YOUR TASK: Could the entries below be reproduced exactly, with the images removed?

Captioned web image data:
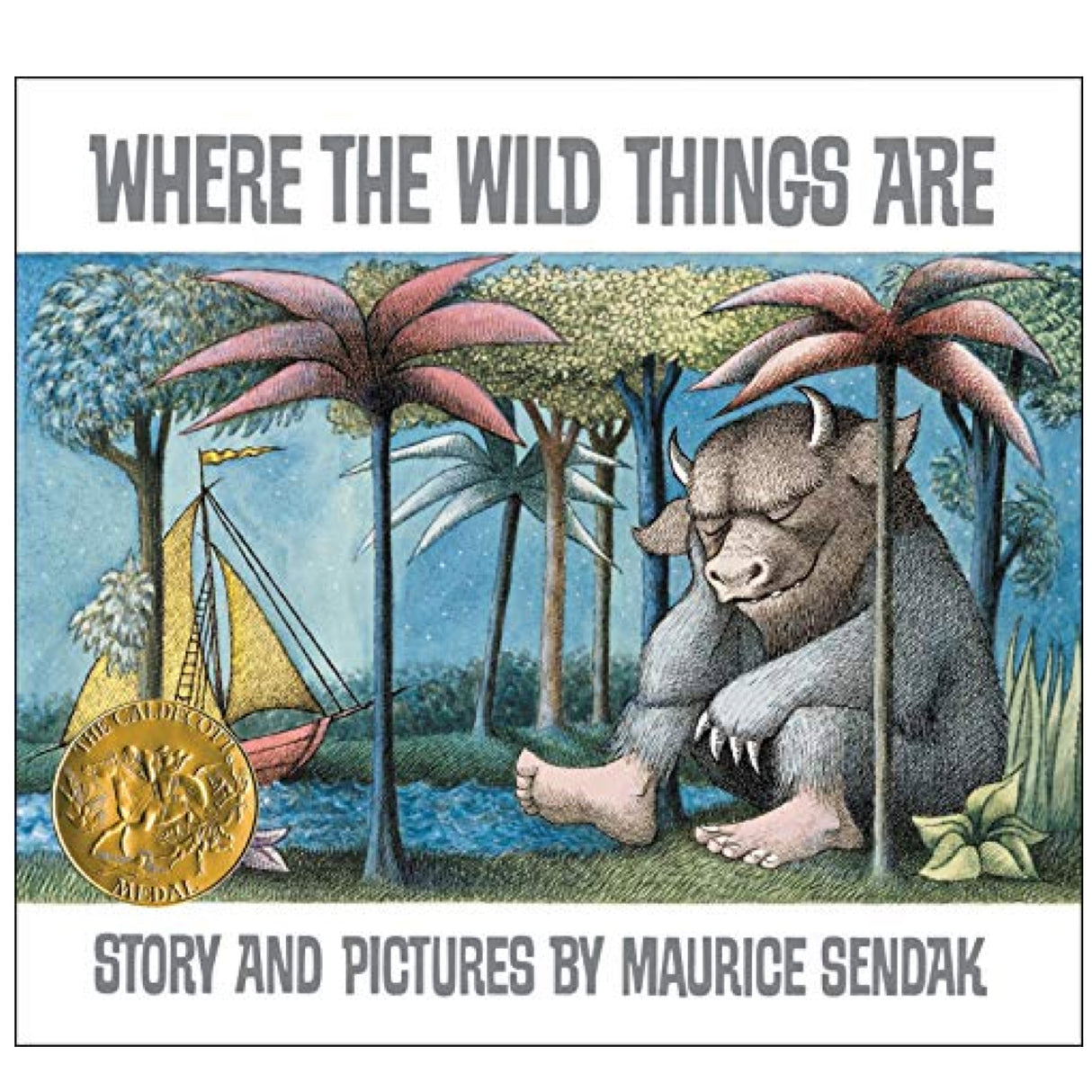 Where the Wild Things Are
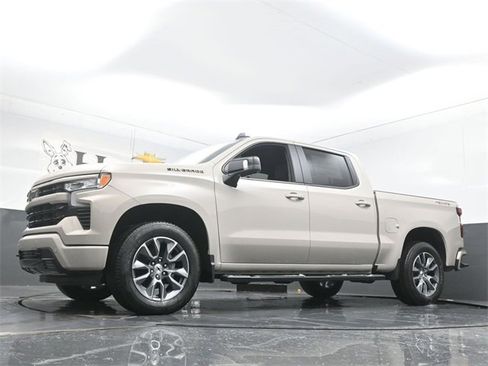 New 2026 Chevrolet Silverado 1500 RST w/ RST All Star Premium Package image 33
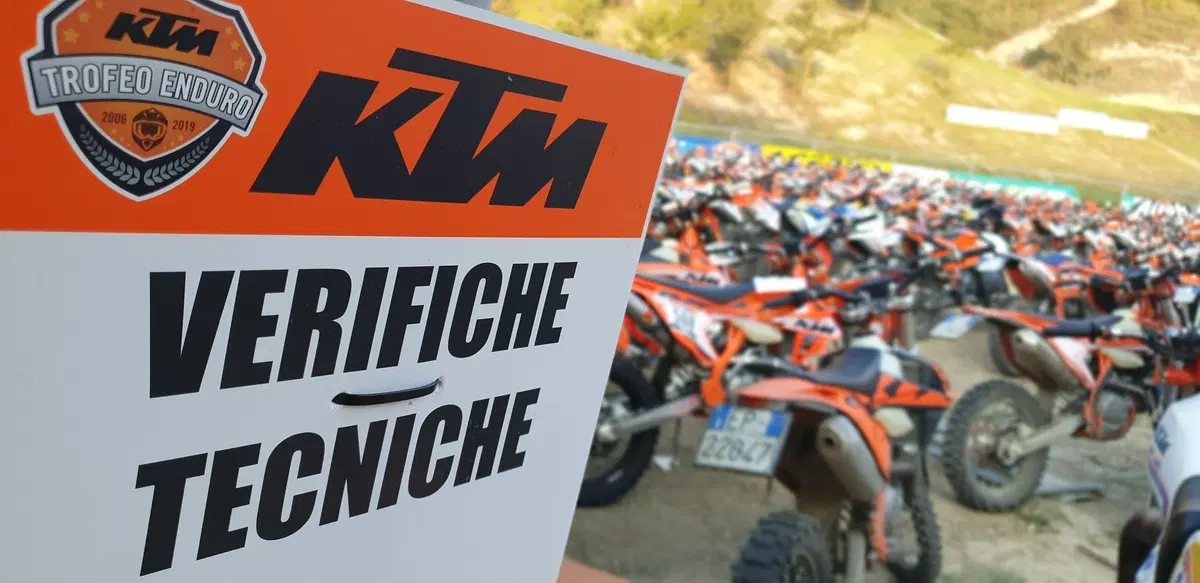 Trofeo Enduro KTM 2019: ultima tappa a Savignano con la finale di motocross (11)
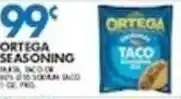 Compare Foods Ortega seasoning offer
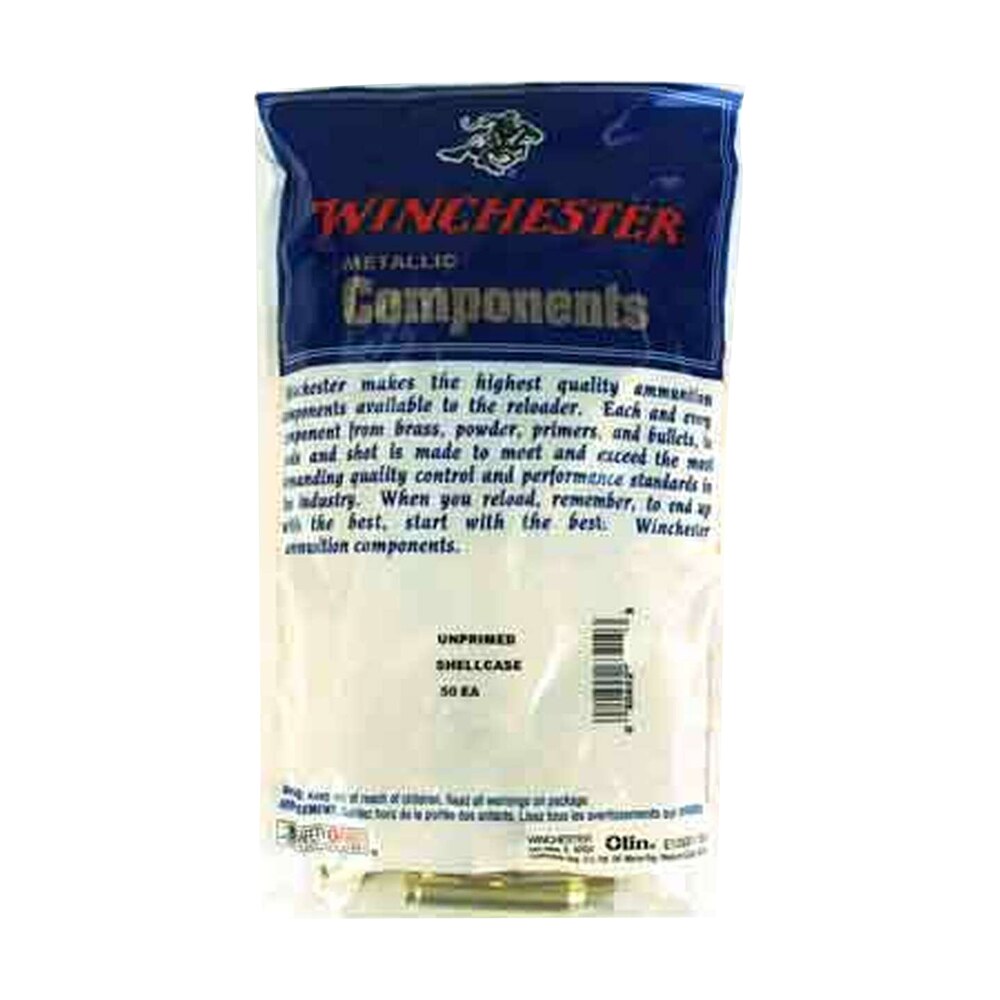 winchester ammo wsc338lu unprimed cases 338lapua mag rifle brass 20/bag Winchester Ammo WSC338LU Unprimed Cases 338Lapua Mag Rifle Brass 20/Bag Sports South item 84053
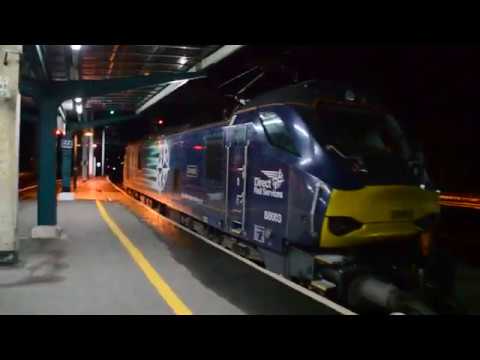 4M48 18:54 Mossend Euroterminal to Daventry Drs (Tesco)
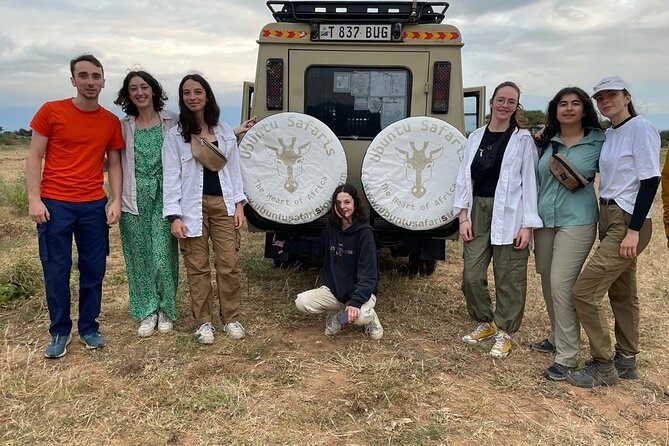 3 Days Tanzania Safari: Tarangire, Manyara and Ngorongoro Crater - Practical details before you go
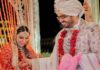 Hansika Motwani, Sohael Kathuriya tie the knot in Jaipur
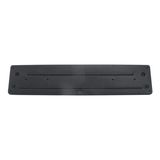 Bzt Bmw 3 Seri- F30- 12/18; Ön Tampon Plakalık Plastiği Siyah (M-Tech/lcı) A51118054157 - BZT-2009-2013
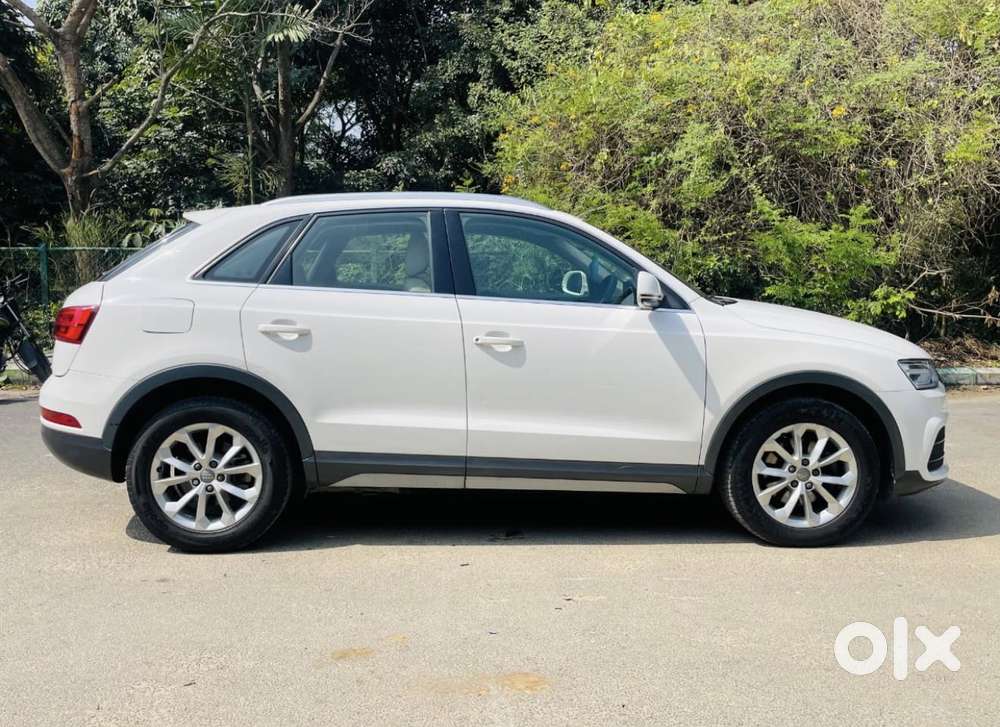 Audi Q3 2.0 35 Tdi Quattro Premium Plus, 2015, Diesel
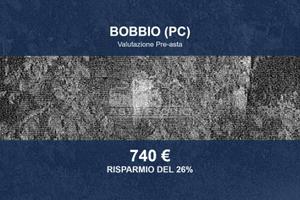 Immobile in asta di 23 m² a Bobbio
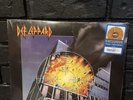 Def Leppard - Pyromania- Orange & Yellow Splatter Vinyl 40th Anniversary - New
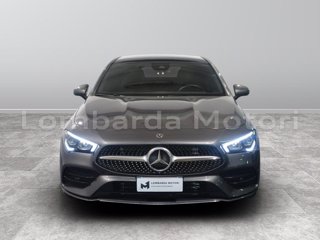 MERCEDES Cla coupe 250 premium 4matic auto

ANSWER AREA:
 Where the Wild Things Are
 New 2026 Chevrolet Silverado 1500 RST w/ RST All Star Premium Package image 33
 Trofeo Enduro KTM 2019: ultima tappa a Savignano con la finale di motocross (11)
 Compare Foods Ortega seasoning offer
 winchester ammo wsc338lu unprimed cases 338lapua mag rifle brass 20/bag Winchester Ammo WSC338LU Unprimed Cases 338Lapua Mag Rifle Brass 20/Bag Sports South item 84053
 4M48 18:54 Mossend Euroterminal to Daventry Drs (Tesco)
 3 Days Tanzania Safari: Tarangire, Manyara and Ngorongoro Crater - Practical details before you go
 Hansika Motwani, Sohael Kathuriya tie the knot in Jaipur
 Bzt Bmw 3 Seri- F30- 12/18; Ön Tampon Plakalık Plastiği Siyah (M-Tech/lcı) A51118054157 - BZT-2009-2013
 Audi Q3 2.0 35 Tdi Quattro Premium Plus, 2015, Diesel
 Immobile in asta di 23 m² a Bobbio
 Def Leppard - Pyromania- Orange & Yellow Splatter Vinyl 40th Anniversary - New
 MERCEDES Cla coupe 250 premium 4matic auto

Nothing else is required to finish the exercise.